Foi, aliás, dessa forma que Maria Rosa e Augusto, dois dos 105 utentes acompanhados pelo projeto, tiveram a oportunidade de ver, pela primeira vez, o bisneto. Aconteceu no passado dia 30 de março, numa ligação proporcionada pela equipa do “Capacitar para Partilhar” para o casal dar os parabéns à filha, residente em França, que nesse dia comemorava mais um aniversário.
Gerontóloga, Leonor Atalaia explica que o projeto surgiu da necessidade de prestar “algum acompanhamento” a quem não está ainda em fase de institucionalização, uma franja da população para a qual “não há respostas que dê acompanhamento em termos do seu bem-estar e inclusão social”. E, se há pessoas “realmente muito isoladas”, cujo morador mais próximo chega a estar a “800 metros de distância ou mais”, também há quem tenha vizinhos, mas que precise de “um pretexto para ir ao encontro do outro e para criar rotinas”.

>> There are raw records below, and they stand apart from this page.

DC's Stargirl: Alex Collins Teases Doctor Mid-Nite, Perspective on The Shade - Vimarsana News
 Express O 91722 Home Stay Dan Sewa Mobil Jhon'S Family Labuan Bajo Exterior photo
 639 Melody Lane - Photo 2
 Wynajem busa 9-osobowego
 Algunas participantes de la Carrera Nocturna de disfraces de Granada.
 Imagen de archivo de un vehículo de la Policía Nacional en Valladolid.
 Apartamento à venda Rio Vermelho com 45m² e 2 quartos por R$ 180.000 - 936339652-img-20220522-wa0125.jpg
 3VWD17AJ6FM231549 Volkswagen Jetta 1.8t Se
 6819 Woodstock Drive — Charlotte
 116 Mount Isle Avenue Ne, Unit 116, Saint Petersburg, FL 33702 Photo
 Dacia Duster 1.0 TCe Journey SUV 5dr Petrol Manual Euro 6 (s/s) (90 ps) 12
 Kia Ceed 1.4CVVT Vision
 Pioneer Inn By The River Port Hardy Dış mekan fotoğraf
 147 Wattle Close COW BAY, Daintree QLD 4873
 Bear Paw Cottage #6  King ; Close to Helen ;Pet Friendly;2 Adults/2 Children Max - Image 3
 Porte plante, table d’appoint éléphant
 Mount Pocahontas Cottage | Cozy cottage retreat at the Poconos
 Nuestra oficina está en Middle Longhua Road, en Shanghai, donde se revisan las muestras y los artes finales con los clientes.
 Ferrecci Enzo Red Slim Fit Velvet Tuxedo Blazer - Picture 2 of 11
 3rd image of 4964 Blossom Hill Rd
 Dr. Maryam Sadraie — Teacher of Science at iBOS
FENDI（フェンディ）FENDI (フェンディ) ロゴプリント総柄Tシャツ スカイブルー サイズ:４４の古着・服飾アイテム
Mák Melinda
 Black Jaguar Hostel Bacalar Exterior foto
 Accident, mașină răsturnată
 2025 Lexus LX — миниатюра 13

A técnica frisa que não se pretende olhar para as pessoas de “uma forma assistencialista, mas, sim, retirar o melhor que têm para oferecer”, com o intuito “de haver muita partilha entre as comunidades, os vizinhos e também estreitar relações com familiares”.
O “Capacitar para Partilhar” arrancou em setembro de 2019 e envolve, além da Santa Casa da Misericórdia de Alvaiázere e da Casa do Povo de Maçãs de Dona Maria, a Associação Social, Cultural e Recreativa de Almoster e o Centro Cultural Recreativo e Social da Freguesia de Pussos.
Com duração prevista de três anos, que pode ser renovada, o projeto abrange as cinco freguesias do concelho e conta com o apoio da Câmara de Alvaiázere.